I came across an organization called Handle With Care who taught my sister and they were excited to get a parent whose life they can help. Most of their teachers and students either work in prisons, hospitals, special schools and ICFMR’s. So I went and observed a Master Teacher workshop, which is a required annual requirement for their instructors.
I learned that Handle With Care has a committed staff, teaching anyone willing to learn how to deal with a behaviorally challenged person in a way that preserves dignity. For the past 30 years there methods have proven safe and enable continued positive learning and behavioral development by preserving and enhancing the therapeutic relationship. So a month later I took the basic course and was one of only two parents to attend.
Day one was a complete day of verbal training, learning how to interact with the individual. We learned to first asses what a real danger is and use the power of observation to attempt to deescalate the situation. Training included trying to create an environment that does not make it worse. We spoke about how to understand and use affect, a topic I have always been well versed in as a student of the late Dr. Stanley Greenspan. We also learned about gestures and about how they can be misinterpreted by many. A large portion of the discussion was based on what we must do to prevent an injury to the person attacking us. This is the key difference in comparing passive restraint to either self-defense or restraints. The goal is to educate the individual that we are not here to hurt them but we also do not want them to hurt themselves.

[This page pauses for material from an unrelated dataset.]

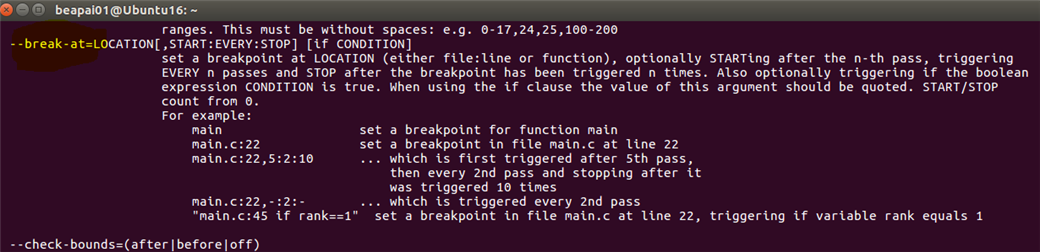 command line basics breakpoints 2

Day two was the real deal! We learned to defend ourselves against multiple types of attacks and break holds. We learned how to perform these moves while moving our bodies out of harms way and avoiding having a closed hand or touching any joint like the elbow that could sustain major damage. We learned multiple ways to place someone into the PRT (Primary Restraint Technique) and practiced on each other so we had a chance to try people of various size and strength. We also got to feel what is was like to be in the hold, which I found to be painless but I could not move. Yes the more you struggle the more of a chance of a strain or a cramp but once you understand that you are going nowhere you naturally calm down.
Ok so now comes the No Tap Out Rule that started this article. While working with these wonderful caregivers you learn that they can work as a team. You learn that there are two or three person techniques. You realize that more than one person makes the process easier, keeping a flying fist or foot that may come loose from hurting you. Also we learned how to hand off an individual in the PRT when you are tired this is called the Tap Out. I was very vocal the entire course, but it was here that I had to ask with a sinking heart, who do I Tap Out? I already knew the answer but had to ask, the answer is no one.

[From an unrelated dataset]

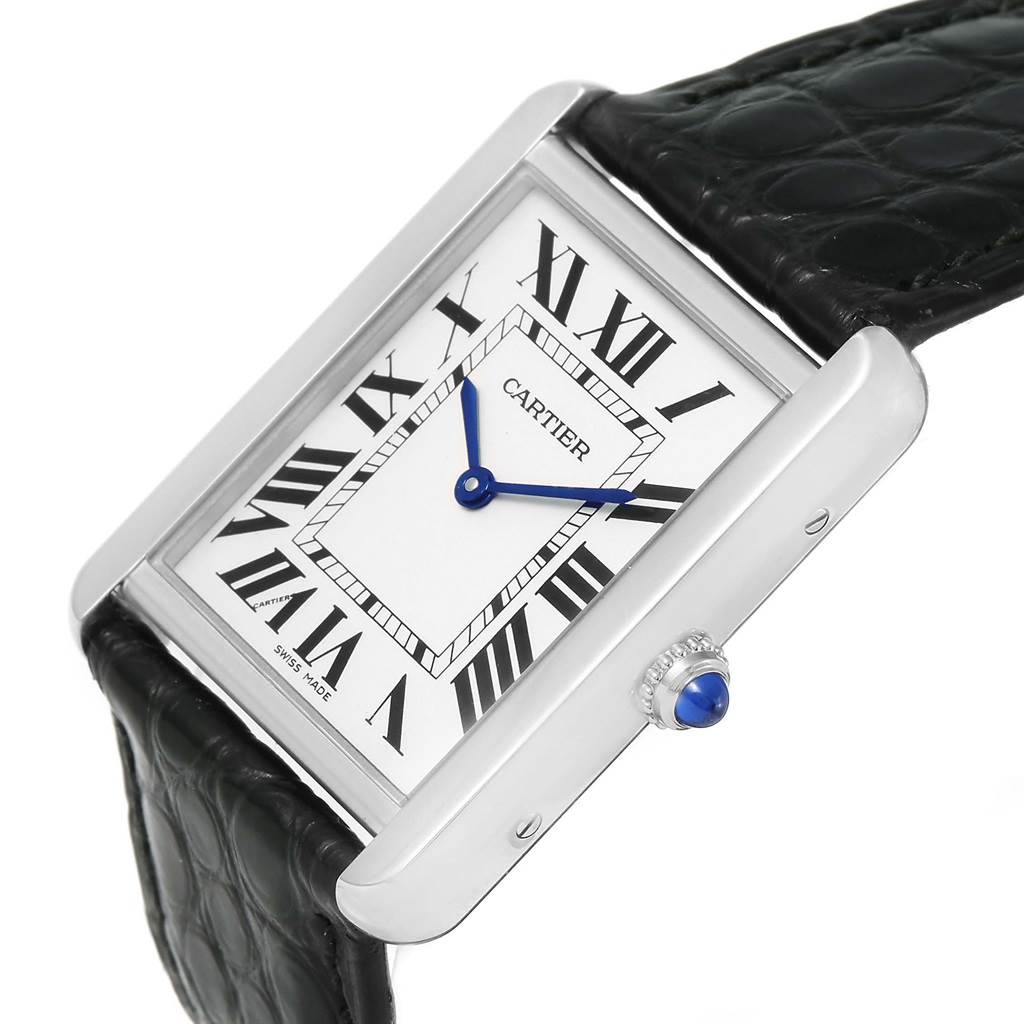 The image shows a Cartier Tank Solo W1018355 Stainless Steel Silver Dial W1018355 Stainless Steel Silver Dial watch at an angled side view, highlighting its dial, crown, and leather strap.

So while we continue to watch our kids grow, and while we continue to see facilities close, we must realize that We Cannot Tap Out!
Geoffrey Dubrowsky. MBA is a member of the New Jersey Council on Developmental Disabilities, Vice President of the Board of Extreme Sports Camp for Autistic Individuals and Executive Board member of VOR.

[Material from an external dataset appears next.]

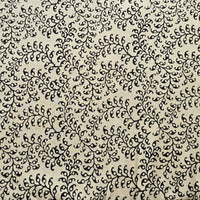 Pure Cotton Bagru Cream With Black Leafs Jaal Hand Block Print Fabric Pure Cotton Bagru Cream With Black Leafs Jaal Hand Block Print Fabric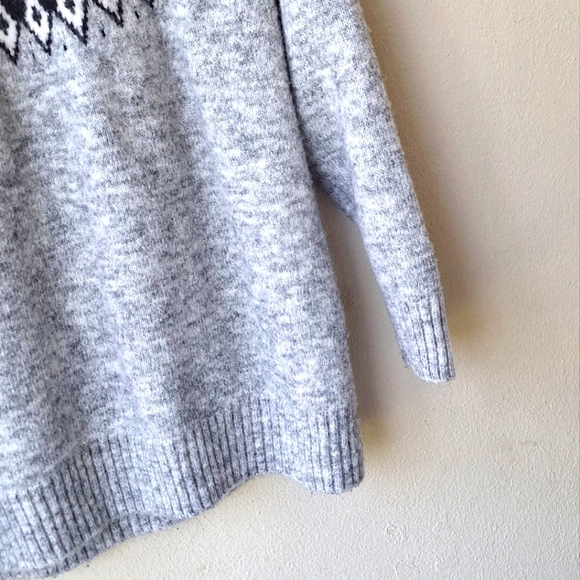 Aspen Turtleneck Women's Wool Sweater Gray Black Size 1X - Picture 4 of 5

A professional video producer, with credits including, the Republican National Convention broadcast and Dr. Stanley Greenspan's Floortime series, Geoffrey and his wife are parent of an 18-year-old boy with severe autism. Uncle and guardian of two developmentally disabled young adults on various ends of the disability spectrum. Also, past Pres. of the New Jersey Chapter of Cure Autism Now, past vice president of and NYAC New York families of autistic children ,and past Director of Development for POAC Parents of Autistic Children.